Stored dataset items
* * * *

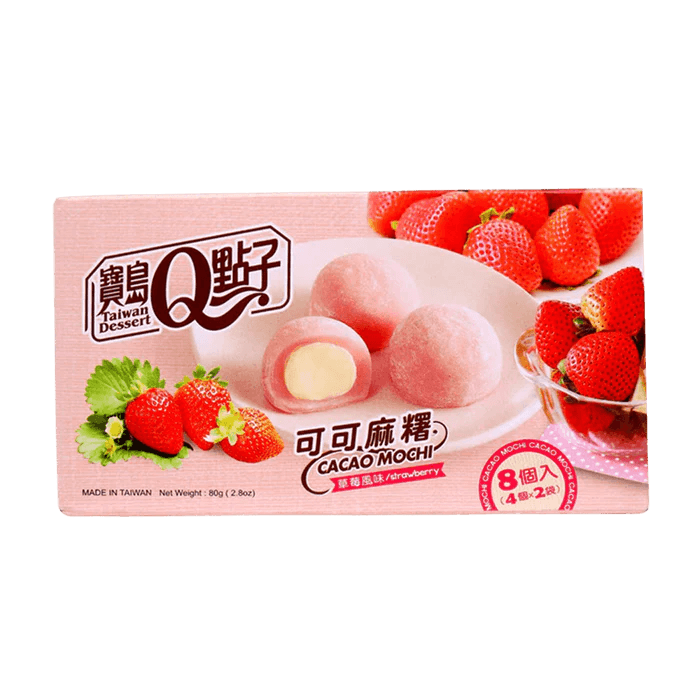 Q Brand Mochi Cocoa Strawberry 80g - OhMyCandyBox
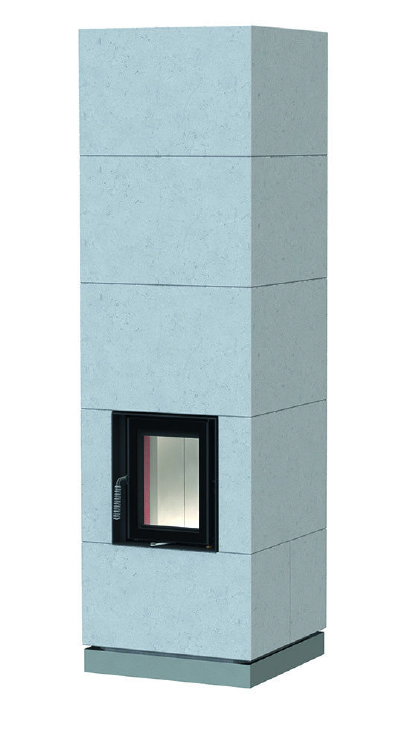Печь Brunner KSO 25q, with thermal concrete cladding Mounting frame, stainless steel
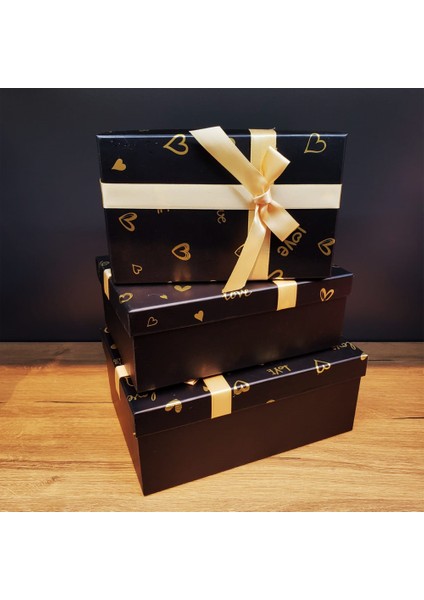 Büro Ev Ofis Hediyesi Için 3parça Dikdörtgen Prestij Kutu Seti fiyatları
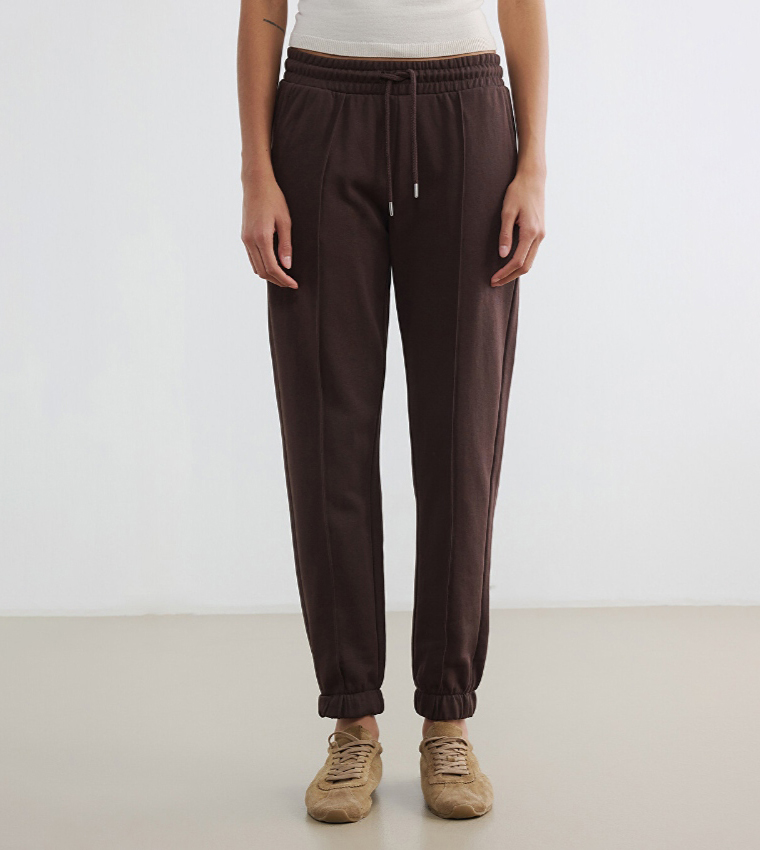 Solid Drawstring Waist Joggers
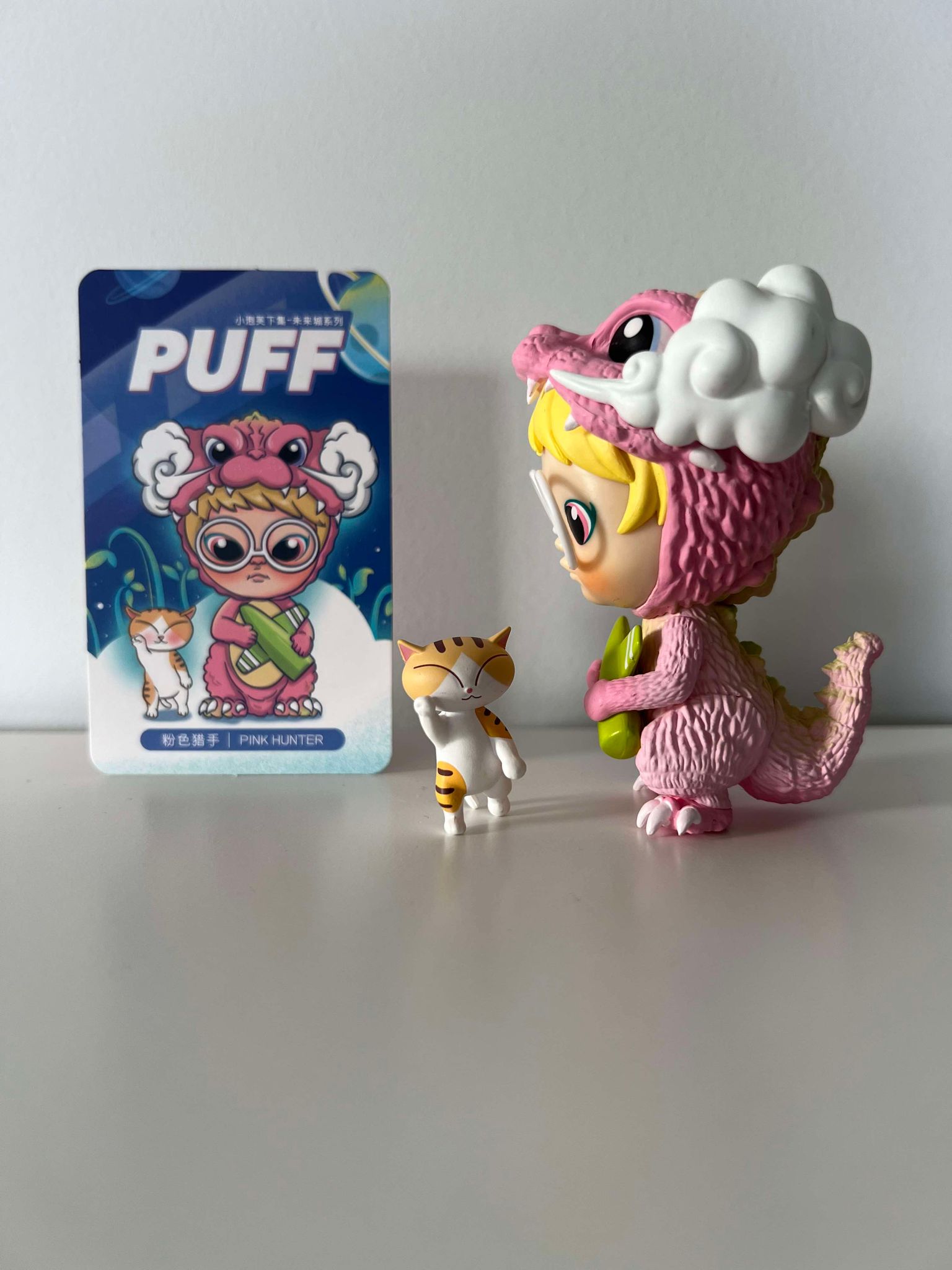 Pink Hunter - Puff The Future City Series by Redhotstyle x Moetch Toys - 1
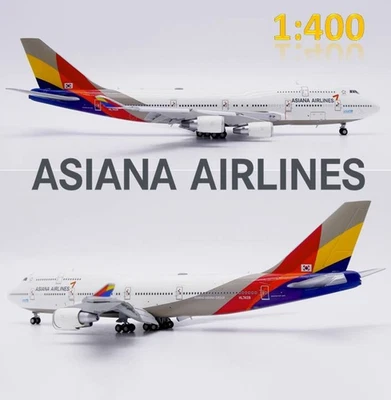 JC Wings 1/400 XX40221A, Asiana Airlines Boeing 747-400 Last Flight, Flaps Down - Immagine 1 di 4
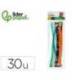 LIMPIAPIPAS DE CHENILLA MARCA LIDERPAPEL 30 CM COLORES MATE SURTIDOS BOLSA DE 30 UNIDADES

* * * *

• YOUR OBJECTIVE: Nothing but the records, copied exactly and stripped of pictures, should be returned.

• YOUR RESPONSE:
 Q Brand Mochi Cocoa Strawberry 80g - OhMyCandyBox
Печь Brunner KSO 25q, with thermal concrete cladding Mounting frame, stainless steel
 Büro Ev Ofis Hediyesi Için 3parça Dikdörtgen Prestij Kutu Seti fiyatları
 Solid Drawstring Waist Joggers
 Pink Hunter - Puff The Future City Series by Redhotstyle x Moetch Toys - 1
 JC Wings 1/400 XX40221A, Asiana Airlines Boeing 747-400 Last Flight, Flaps Down - Immagine 1 di 4
 LIMPIAPIPAS DE CHENILLA MARCA LIDERPAPEL 30 CM COLORES MATE SURTIDOS BOLSA DE 30 UNIDADES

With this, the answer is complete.